| Source material |
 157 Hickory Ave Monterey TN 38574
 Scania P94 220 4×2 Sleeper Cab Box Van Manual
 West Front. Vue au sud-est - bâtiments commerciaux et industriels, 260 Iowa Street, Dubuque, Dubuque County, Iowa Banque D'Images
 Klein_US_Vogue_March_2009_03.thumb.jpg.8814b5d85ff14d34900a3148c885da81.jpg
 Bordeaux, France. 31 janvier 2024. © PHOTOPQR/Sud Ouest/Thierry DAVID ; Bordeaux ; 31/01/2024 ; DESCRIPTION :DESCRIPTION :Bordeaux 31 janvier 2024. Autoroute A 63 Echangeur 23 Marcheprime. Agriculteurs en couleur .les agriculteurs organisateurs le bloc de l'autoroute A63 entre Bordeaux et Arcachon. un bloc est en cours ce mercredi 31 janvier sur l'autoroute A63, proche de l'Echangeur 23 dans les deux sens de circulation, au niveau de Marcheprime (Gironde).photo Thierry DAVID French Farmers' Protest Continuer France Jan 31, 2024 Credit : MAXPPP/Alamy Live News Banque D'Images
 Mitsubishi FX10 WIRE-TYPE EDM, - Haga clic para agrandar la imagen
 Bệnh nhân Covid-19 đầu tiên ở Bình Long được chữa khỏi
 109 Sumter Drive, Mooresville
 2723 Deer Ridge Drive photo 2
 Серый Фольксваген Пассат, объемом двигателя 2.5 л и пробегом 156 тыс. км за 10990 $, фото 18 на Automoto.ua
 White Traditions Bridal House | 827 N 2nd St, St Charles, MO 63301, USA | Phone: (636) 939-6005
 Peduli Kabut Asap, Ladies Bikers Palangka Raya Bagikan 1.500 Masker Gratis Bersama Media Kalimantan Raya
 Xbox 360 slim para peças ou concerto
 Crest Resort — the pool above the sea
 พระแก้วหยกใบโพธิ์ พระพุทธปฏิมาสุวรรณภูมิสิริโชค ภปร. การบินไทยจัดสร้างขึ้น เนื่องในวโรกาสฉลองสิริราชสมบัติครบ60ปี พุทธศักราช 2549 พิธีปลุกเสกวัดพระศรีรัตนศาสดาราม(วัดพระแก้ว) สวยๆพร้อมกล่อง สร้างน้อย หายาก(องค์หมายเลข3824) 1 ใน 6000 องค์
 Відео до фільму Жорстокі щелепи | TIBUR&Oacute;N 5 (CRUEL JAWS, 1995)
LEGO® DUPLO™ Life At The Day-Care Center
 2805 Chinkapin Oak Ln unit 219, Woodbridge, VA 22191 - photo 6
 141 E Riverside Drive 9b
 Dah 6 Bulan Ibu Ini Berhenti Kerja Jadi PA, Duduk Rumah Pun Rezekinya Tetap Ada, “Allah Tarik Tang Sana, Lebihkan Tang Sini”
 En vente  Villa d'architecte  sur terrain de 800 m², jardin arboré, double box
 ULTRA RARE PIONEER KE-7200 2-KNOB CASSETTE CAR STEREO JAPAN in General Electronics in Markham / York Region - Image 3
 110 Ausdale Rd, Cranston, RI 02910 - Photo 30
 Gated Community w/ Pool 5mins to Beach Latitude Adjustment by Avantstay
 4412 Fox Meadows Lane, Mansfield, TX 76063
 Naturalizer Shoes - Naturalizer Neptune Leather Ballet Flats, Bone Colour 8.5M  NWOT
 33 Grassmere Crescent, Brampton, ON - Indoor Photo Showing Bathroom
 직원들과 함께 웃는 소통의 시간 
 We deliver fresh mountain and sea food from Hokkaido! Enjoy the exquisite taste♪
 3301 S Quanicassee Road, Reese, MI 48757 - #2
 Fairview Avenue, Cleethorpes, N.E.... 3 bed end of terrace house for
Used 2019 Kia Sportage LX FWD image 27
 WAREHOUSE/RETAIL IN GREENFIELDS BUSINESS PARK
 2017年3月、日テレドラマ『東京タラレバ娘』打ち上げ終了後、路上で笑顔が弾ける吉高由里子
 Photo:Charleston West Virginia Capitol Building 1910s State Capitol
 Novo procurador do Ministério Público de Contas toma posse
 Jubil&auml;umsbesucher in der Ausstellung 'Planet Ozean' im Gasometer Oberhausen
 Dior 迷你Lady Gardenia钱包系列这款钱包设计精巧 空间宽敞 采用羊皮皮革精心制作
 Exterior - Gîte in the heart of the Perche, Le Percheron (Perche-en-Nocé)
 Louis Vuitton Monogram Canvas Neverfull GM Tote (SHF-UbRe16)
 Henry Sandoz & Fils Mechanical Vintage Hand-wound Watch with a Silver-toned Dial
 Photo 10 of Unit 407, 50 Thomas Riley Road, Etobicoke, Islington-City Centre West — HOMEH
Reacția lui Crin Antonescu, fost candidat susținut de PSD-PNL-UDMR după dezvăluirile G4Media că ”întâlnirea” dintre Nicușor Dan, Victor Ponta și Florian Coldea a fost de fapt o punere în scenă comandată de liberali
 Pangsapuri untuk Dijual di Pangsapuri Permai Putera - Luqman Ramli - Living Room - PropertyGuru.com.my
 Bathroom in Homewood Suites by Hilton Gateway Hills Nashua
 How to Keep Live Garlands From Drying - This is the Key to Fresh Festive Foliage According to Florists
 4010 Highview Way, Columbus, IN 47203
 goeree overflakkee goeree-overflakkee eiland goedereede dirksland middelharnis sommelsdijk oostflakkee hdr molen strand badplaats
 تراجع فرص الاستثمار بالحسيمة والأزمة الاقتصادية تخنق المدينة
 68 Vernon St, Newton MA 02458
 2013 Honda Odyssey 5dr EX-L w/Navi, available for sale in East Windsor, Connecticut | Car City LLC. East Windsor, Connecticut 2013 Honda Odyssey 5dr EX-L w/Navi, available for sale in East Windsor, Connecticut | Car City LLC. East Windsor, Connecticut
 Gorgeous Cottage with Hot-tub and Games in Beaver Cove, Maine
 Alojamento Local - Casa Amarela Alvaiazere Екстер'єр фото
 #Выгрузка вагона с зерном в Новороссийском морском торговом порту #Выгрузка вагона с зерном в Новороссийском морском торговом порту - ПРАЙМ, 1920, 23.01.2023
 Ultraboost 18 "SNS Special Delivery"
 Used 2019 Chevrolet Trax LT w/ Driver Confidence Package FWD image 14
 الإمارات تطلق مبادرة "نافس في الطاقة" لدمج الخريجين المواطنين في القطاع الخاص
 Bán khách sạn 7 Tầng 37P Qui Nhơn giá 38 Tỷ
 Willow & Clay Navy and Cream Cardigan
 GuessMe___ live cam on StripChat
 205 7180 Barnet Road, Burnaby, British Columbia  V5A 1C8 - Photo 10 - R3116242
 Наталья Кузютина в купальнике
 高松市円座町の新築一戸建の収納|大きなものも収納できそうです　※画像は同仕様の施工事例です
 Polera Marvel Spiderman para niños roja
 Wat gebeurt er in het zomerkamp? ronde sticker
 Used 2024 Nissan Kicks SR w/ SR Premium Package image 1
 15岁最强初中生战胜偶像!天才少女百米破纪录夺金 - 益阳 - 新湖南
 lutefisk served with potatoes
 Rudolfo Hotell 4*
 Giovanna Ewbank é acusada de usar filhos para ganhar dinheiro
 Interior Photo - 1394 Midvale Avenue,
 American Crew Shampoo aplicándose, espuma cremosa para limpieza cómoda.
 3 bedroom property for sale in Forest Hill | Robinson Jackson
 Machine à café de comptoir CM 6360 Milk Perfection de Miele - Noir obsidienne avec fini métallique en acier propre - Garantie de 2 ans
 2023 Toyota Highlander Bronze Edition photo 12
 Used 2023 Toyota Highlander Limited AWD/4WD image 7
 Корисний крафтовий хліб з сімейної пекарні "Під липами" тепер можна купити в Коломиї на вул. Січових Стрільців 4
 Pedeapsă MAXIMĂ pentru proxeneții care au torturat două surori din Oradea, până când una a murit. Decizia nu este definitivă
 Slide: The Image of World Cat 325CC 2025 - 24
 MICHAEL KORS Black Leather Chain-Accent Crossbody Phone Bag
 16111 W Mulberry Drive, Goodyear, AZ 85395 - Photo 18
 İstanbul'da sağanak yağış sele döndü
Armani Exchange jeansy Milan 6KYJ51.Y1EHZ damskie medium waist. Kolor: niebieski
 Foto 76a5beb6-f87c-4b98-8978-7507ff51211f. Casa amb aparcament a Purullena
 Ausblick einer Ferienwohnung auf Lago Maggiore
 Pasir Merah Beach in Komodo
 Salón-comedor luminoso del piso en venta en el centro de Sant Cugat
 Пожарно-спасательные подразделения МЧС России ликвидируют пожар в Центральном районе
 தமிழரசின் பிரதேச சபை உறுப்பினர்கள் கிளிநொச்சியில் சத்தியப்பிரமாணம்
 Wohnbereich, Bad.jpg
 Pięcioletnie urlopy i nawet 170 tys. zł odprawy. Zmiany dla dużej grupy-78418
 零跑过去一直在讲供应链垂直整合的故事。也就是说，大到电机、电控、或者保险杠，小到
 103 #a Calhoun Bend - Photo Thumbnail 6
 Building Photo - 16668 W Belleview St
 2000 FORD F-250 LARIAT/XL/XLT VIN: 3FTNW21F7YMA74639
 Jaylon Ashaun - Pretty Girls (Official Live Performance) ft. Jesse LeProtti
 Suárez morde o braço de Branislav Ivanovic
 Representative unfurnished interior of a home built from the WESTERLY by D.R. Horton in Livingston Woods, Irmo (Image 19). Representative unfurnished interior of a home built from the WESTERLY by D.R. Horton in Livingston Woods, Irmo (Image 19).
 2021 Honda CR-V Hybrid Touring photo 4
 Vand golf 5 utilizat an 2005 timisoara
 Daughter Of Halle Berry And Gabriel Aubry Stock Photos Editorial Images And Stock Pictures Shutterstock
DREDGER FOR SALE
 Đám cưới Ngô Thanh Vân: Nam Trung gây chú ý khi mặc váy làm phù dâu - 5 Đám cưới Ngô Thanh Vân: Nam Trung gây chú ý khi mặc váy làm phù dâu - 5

| Exercise prompt |
Copy the lines of the data above exactly as written, beginning with the line containing "Machine à café" and ending with the line containing "Pedeapsă MAXIMĂ pentru", and leave out all other lines.

| Task result |
 Machine à café de comptoir CM 6360 Milk Perfection de Miele - Noir obsidienne avec fini métallique en acier propre - Garantie de 2 ans
 2023 Toyota Highlander Bronze Edition photo 12
 Used 2023 Toyota Highlander Limited AWD/4WD image 7
 Корисний крафтовий хліб з сімейної пекарні "Під липами" тепер можна купити в Коломиї на вул. Січових Стрільців 4
 Pedeapsă MAXIMĂ pentru proxeneții care au torturat două surori din Oradea, până când una a murit. Decizia nu este definitivă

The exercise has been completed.